My original banana bread recipe is very very popular; barely a weekend goes by without someone posting a photo of it on social media, so I hope its enthusiastic fans enjoy this twist on a classic. Enjoy it warm to have it at its best; the tart explosions of hot, juicy berries popping in your mouth, drenching the cakey crumbs, is sensational. And in case that sounds too much like a brag, the ‘sensational’ was a direct quote from my friend Caroline, who also had a piece straight from the oven and was atypically rendered temporarily speechless by it. The best use of a couple of black bananas I can think of. The berries can be fresh instead of frozen if you have that kind of thing kicking about, but I tend to keep cheap frozen berries in the freezer for quickie desserts, morning smoothies and regrettable snacks.
Serves 6 generously at 17p each. Prices at Asda and correct at time of publication.
2 large bananas, 30p (15p each, Asda)
100ml oil, 10p (£1.09/1l, Asda)
50g sugar, 3p (64p/1kg, Asda)
225g self raising flour, 7p (45p/1.5kg, Smart Price at Asda)

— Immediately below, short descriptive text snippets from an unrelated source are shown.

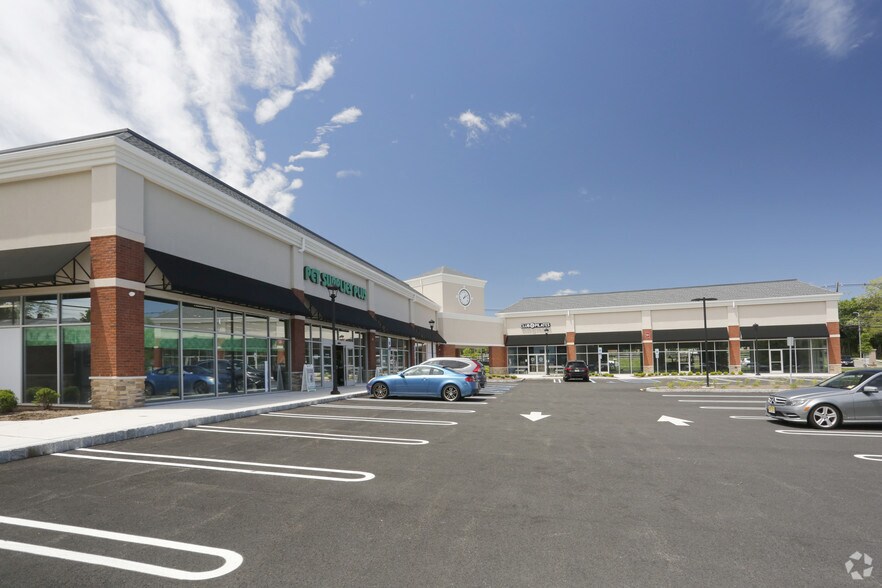 170 E Hanover Ave, Cedar Knolls, NJ à louer - Photo principale - Image 1 de 6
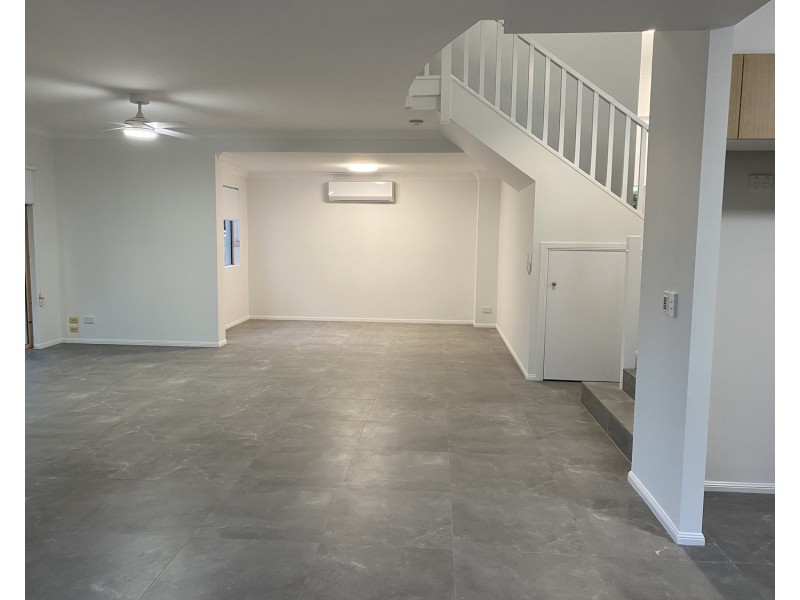 14 Fortuna Place, Parkwood QLD 4214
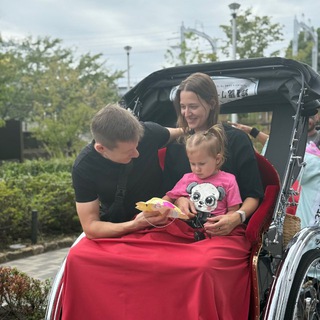 Логотип @dva_rukzaka - Два рюкзака и чемодан корзиночки. Путешествия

1 tsp baking powder, 2p (69p/170g, baking powder at Asda)
100g mixed frozen berries, 50p (£1.75/350g, Asda)
6 tbsp water
First grab a standard sized loaf tin, and lightly grease it with a finger or two of oil. I say this as I literally dip a (clean!) finger in the oil and work it into the edges and corners of the tin, but you may wish to use a more traditional measurement, such as a teaspoon. Either way, lightly oil your loaf tin, to stop the cake from sticking to it when it cooks.
Set it to one side, and turn your oven on to 180C to preheat. Grab a mixing bowl. Peel your bananas and roughly chop them into the bowl with the side of a fork, then mash them gently. Add a little of the oil, mash some more, and repeat until you have a frankly horrid looking mess of gloppy banana pieces swimming in a sea of pale yellowish vegetable oil. It gets better, I promise.
Stir in the sugar, and then the baking powder, and then add half the flour and mix well. Fold in the berries; the more vigorously you mix them, the more pink your cake mixture will become, but unfortunately the colour does not hold well when cooked, so it is merely a temporary treat for your eyes. Add the water and mix, and then the remaining flour and – you guessed it – mix well. Scrape every last drop of the cake batter into the loaf tin, and pop it into the oven for an hour.
When it is cooked, a clean knife or skewer inserted into the fattest part of the centre should come out clean. If it is still a little tacky, pop it back in the oven for 10 minutes; not all loaf tins were created equal, and nor were ovens, so the temperament of yours may be a little different to mine.
When it is truly done, remove from the oven and allow to cool for 10 minutes in the tin before attempting to remove it. I couldn’t resist, and had mine warm fresh from the oven once the magic ten minutes had passed. Can be enjoyed warm, cold, from the fridge, toasted, with butter, cream, ice cream, custard or just with your hands.